» **The data**
____________

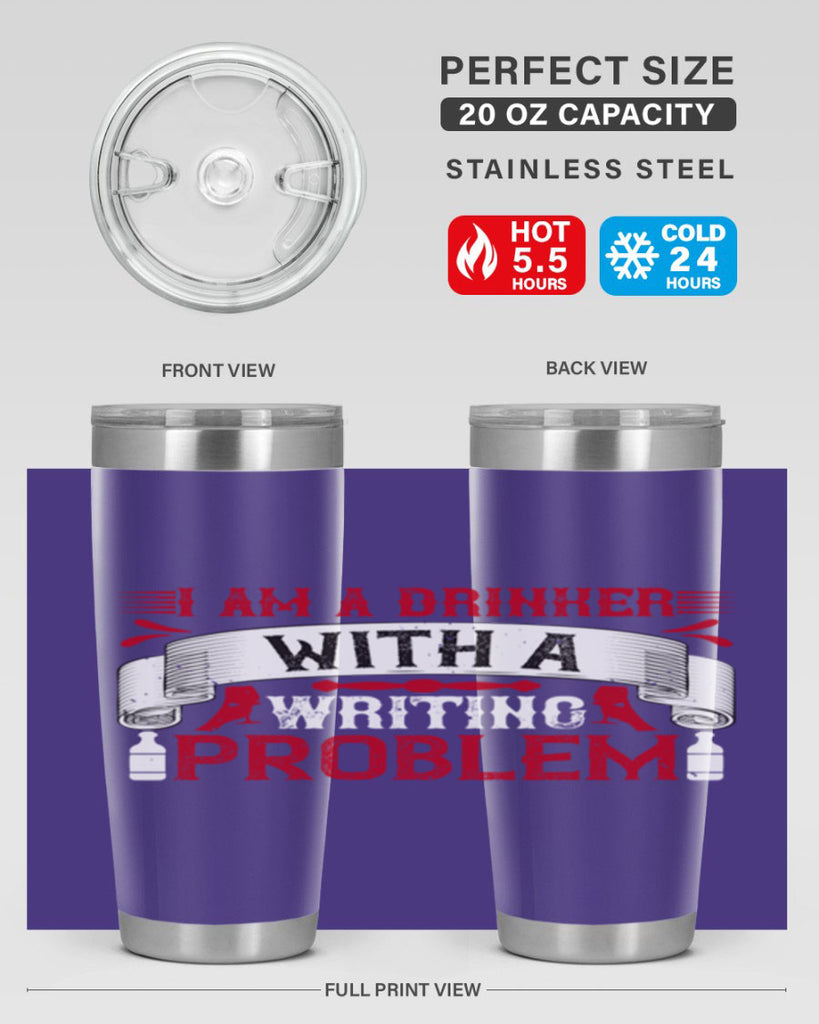 i am a drinker with a writing problem 49#- drinking- Tumbler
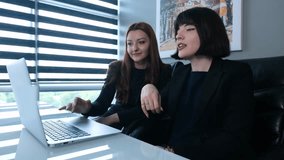 Two Women Speech at Online Meeting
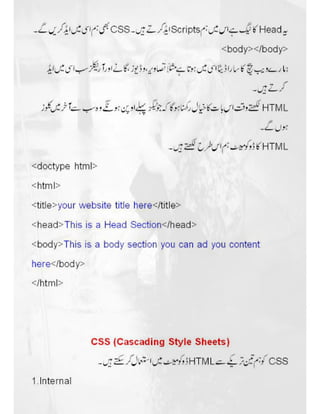 Html and css in urdu by muhammad danish irshad Slide 3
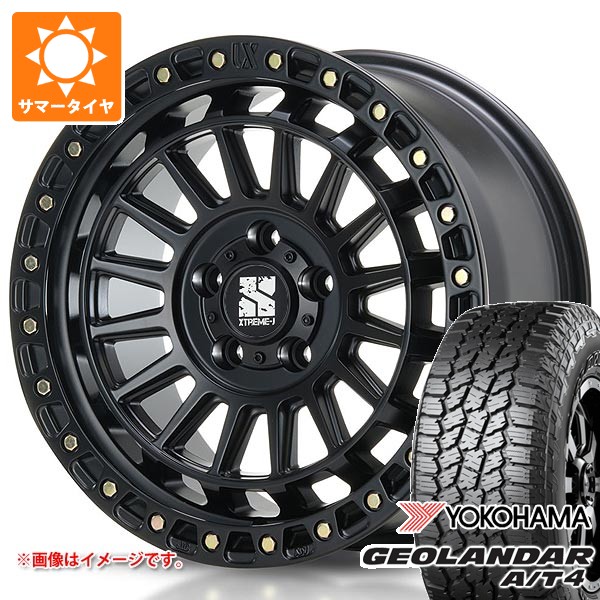 MLJ - 5本仕かける ジープ ラングラー JK/JL系用 炎節タイア ヨコハマ ジオランダー A/T4 G018 LT295/70R17 121/118S 黒いこと水茎の跡 エクストリームJ XJ08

____________

From the line containing "Two Women Speech at Online Meeting" through the last line of the listing, inclusive, transcribe every line exactly and nothing else; the pictures stay out.

» **Answer space**
 Two Women Speech at Online Meeting
 Html and css in urdu by muhammad danish irshad Slide 3
 MLJ - 5本仕かける ジープ ラングラー JK/JL系用 炎節タイア ヨコハマ ジオランダー A/T4 G018 LT295/70R17 121/118S 黒いこと水茎の跡 エクストリームJ XJ08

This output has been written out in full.